Learn More About XML Pipeline Server Now >

Tutorial Introduction

Most web applications have connections to databases and use XML to transfer data from the database to the web application and vice versa. Every major database vendor has proprietary extensions for using XML with relational databases, but they take completely different approaches, and there is no interoperability between them. Developers need to be able to write applications that work for databases from multiple vendors.

XQuery and SQL/XML are two standards that use declarative, portable queries to return XML by querying data. In both standards, the XML can have any desired structure, and the queries can be arbitrarily complex. XQuery is XML-centric, while SQL/XML is SQL-centric.

SQL/XML is an extension of SQL that is part of ANSI/ISO SQL 2003. It lets SQL queries create XML structures with a few powerful XML publishing functions. For a SQL programmer, SQL/XML easy to learn because it involves only a few small additions to the existing SQL language. Since SQL is a mature language, there are a lot of tools and infrastructure for SQL. For instance, SQL/XML uses JDBC to return results, and there will soon be a standard API for XQuery. SQL also has functionality soon to be found in XQuery, such as updates and stored procedures.

Note: SQL/XML is completely different from Microsoft's SQLXML, a proprietary technology used in SQL Server. The similarity in names has caused a great deal of confusion in the industry.
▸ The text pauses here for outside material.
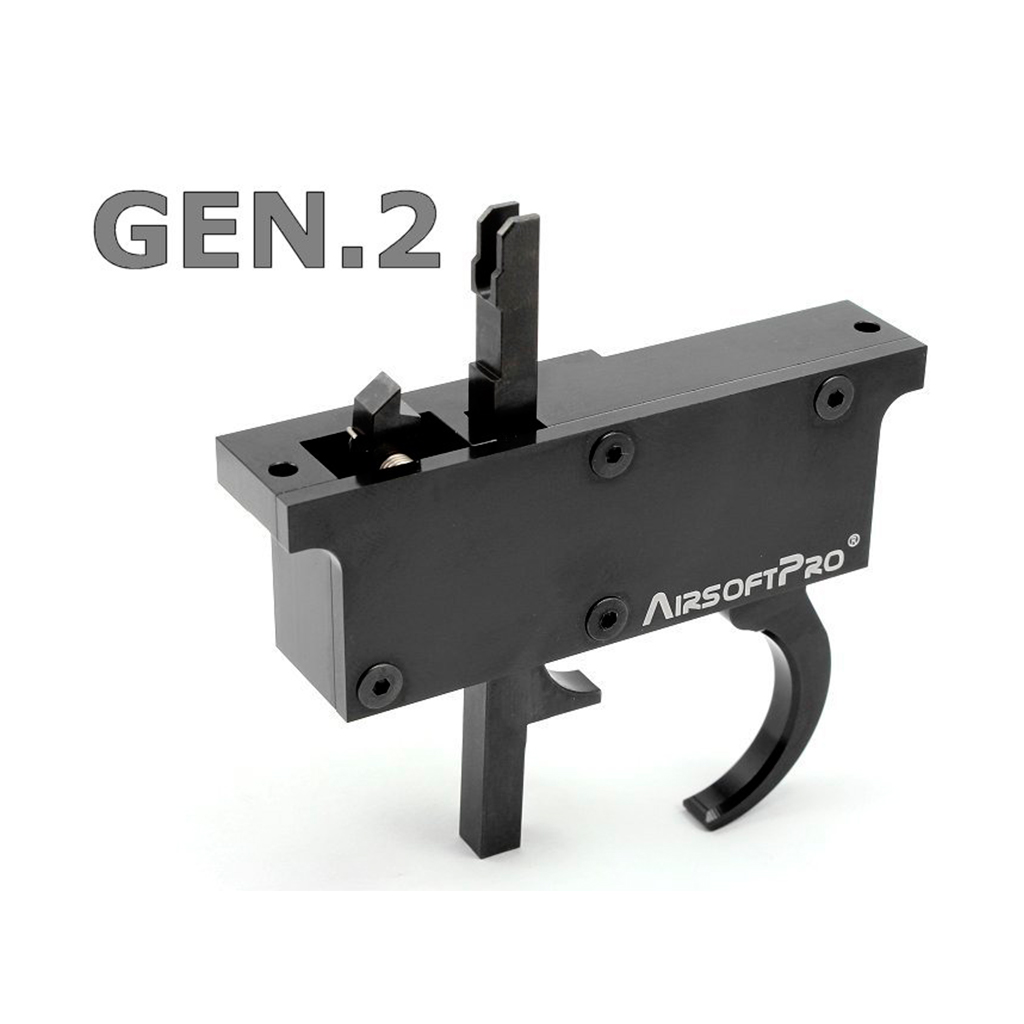 GATILLO L96 GEN.2 SET CNC NEGRO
XQuery is a completely new query language that uses XML as the basis for its data model and type system. It is being developed in the XML Query Working Group, which is a part of the World Wide Web Consortium. In this paper, we characterize XQuery as a "Native XML Programming Language". XQuery is based on XML in the same way that SQL is based on the relational model or object oriented languages are based on the object oriented model - XML is central to its type system, in which elements and attributes are just as fundamental as integers and strings. Although XQuery per se has no concept of relational data, several products and many projects provide ways to query relational data using an XML view of the database, and the need to make this possible has influenced the design of XQuery throughout its development. XQuery allows you to work in the XML world no matter what type of data you're working with - relational, XML or object data. XQuery is ideal for native XML programming. When used with XML views of relational data, it is also ideal for queries data that must represent results as XML, to query XML stored inside or outside the database, or to span relational and XML sources.
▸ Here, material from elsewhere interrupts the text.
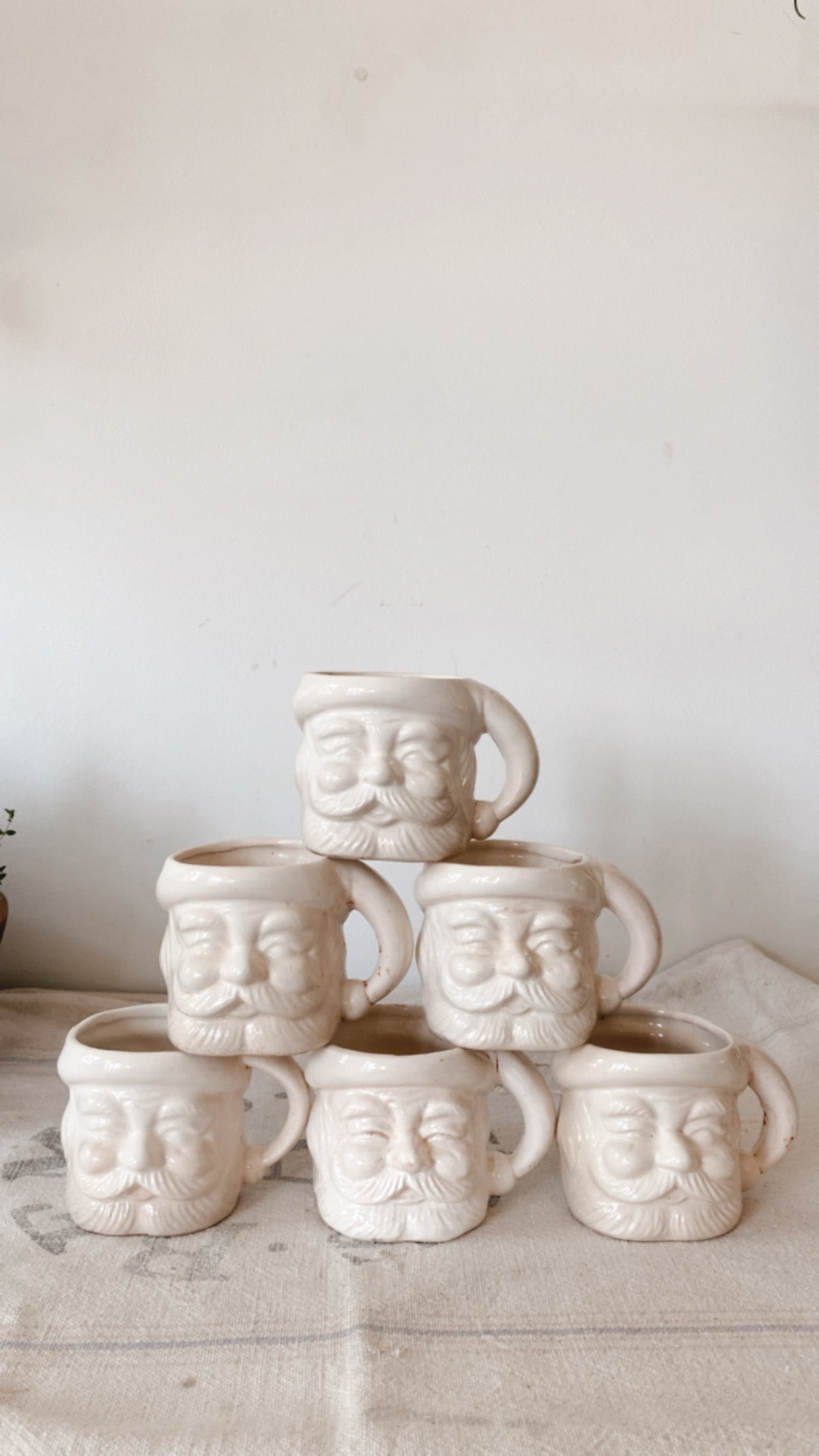 Santa Mug Collection.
For queries based only on relational data, SQL/XML and XQuery have substantially similar functionality. However, the way in which a given task is done is quite different, since SQL/XML operates on the borderline between SQL and XML, and XQuery lives in a purely XML world. Even when the data is all relational, the two languages appeal to very different audiences - SQL/XML is very much an extension of SQL, designed for SQL programmers, and XQuery takes a purely XML view of the world. For queries that span relational and XML sources, XQuery has important advantages.

This talk uses a series of concrete queries written in each language to show the advantages of each. It explains why we need both languages, discussing the ways in which the languages differ and in which they overlap. It also explores the role of SQL/XML mappings as a way of creating XML views for XQuery.
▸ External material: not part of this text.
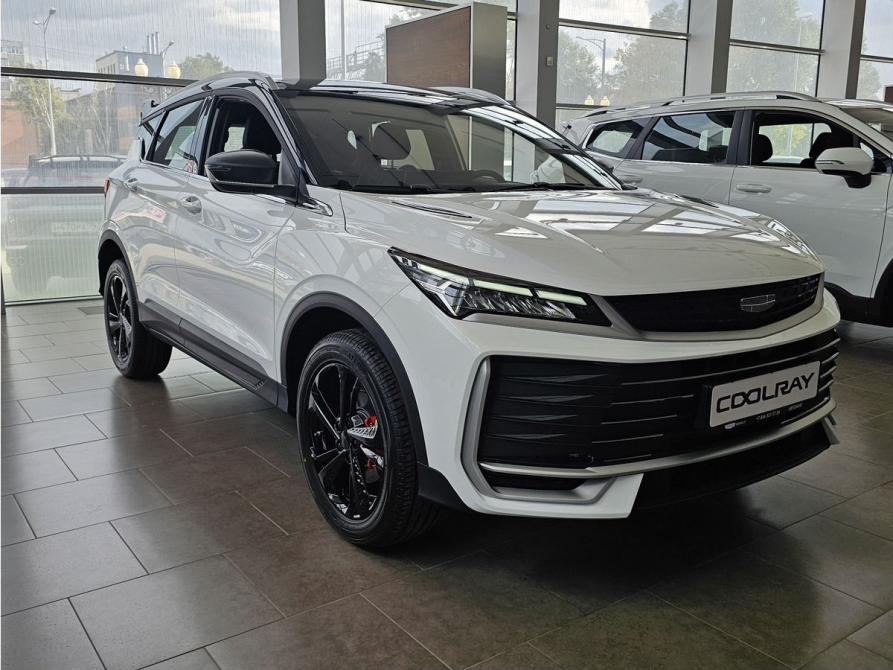 Geely Coolray I Рестайлинг 2 Самара  - изображение 3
XML and Relational - Opposites Attract

XML and relational databases are tightly wed in most web applications, but a look at the two models shows that it is an unlikely marriage - though a necessary one. The relational model is based on two dimensional tables which have neither hierarchy nor significant order. XML is based on trees in which order is significant. In the relational model, neither hierarchy nor sequence may be used to model information; in XML, hierarchy and sequence are the main ways to represent information. Although this is one of the more fundamental differences between the two models, it is by no means the only one.

In many environments, the same information is represented in relational databases when it is stored or queried, but in XML when it is exchanged or displayed on web pages. These representations are often completely different due to the differences in the models.

On web pages, XML is useful because the structure of XML closely matches the structure used to display the same information in HTML. If you look at web pages, they often use a distinctly hierarchical structure to present data for users - after all, users don't want to look at a bunch of tables and do joins in their head. But most of the data for these web pages comes from relational databases, and needs to be converted to appropriate XML hierarchies.

For web messages, the format of a web message is often specified by a standards organization or a trade partner, and these formats are generally hierarchical. Again, the data for a web message generally comes from relational data, and the consumer of a web message often needs to put data into a relational database.

For instance, suppose a consulting company needs to represent a set of projects and the companies for whom the projects are being done. In a relational database, this might be represented by the following tables:

Project Relational Database Table

Customer Relational Database Table

In SQL, if we want to see the projects associated with each customer, we would do the following query:

SQL Query joining Project and Customer Tables

Here is the output of the above SQL query:

The SQL Query's Output

Suppose we want to translate this information into XML in order to publish it to the Web, in a document, or in a web message. Like most XML applications, we will leverage the hierarchy of XML to express relationships, listing the projects for each customer within the element that represents the customer:

An XML fragment

Note that in the original SQL tables, each customer is represented only once. This is also true of the XML. The SQL result set, however, contains multiple rows for a given customer if that customer is associated with more than one project, and these rows contain duplicate information. Translating this result set into the desired XML is tedious for the programmer. And just as a single relational database may be used with an infinite number of queries, it may also be used to create an infinite number of XML documents with different structures. Today, many programmers spend a great deal of time doing this kind of translation.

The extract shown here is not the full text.